What you are asked to do:
A verbatim copy of the full data, with no pictures, is the expected answer.

Available data:

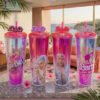 Barbie Double Wall Tumbler with Straw 750ml 1 Barbie double wall tumbler 750ml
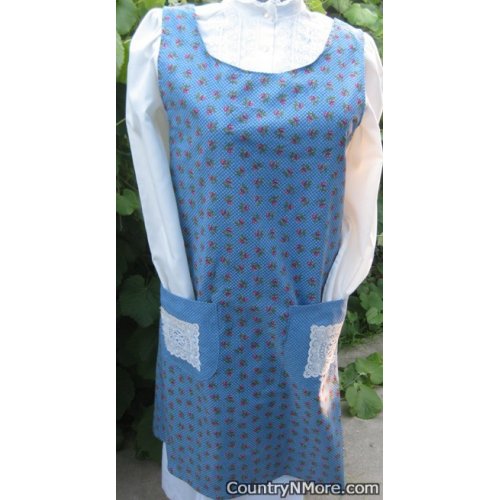 vintage rose amish canning apron large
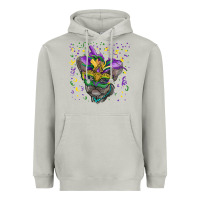 Moon Dust Mardi gras mask french bulldog Heavyweight Hoodie - RanaPortraitStore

Exercise solution:
 Barbie Double Wall Tumbler with Straw 750ml 1 Barbie double wall tumbler 750ml
 vintage rose amish canning apron large
 Moon Dust Mardi gras mask french bulldog Heavyweight Hoodie - RanaPortraitStore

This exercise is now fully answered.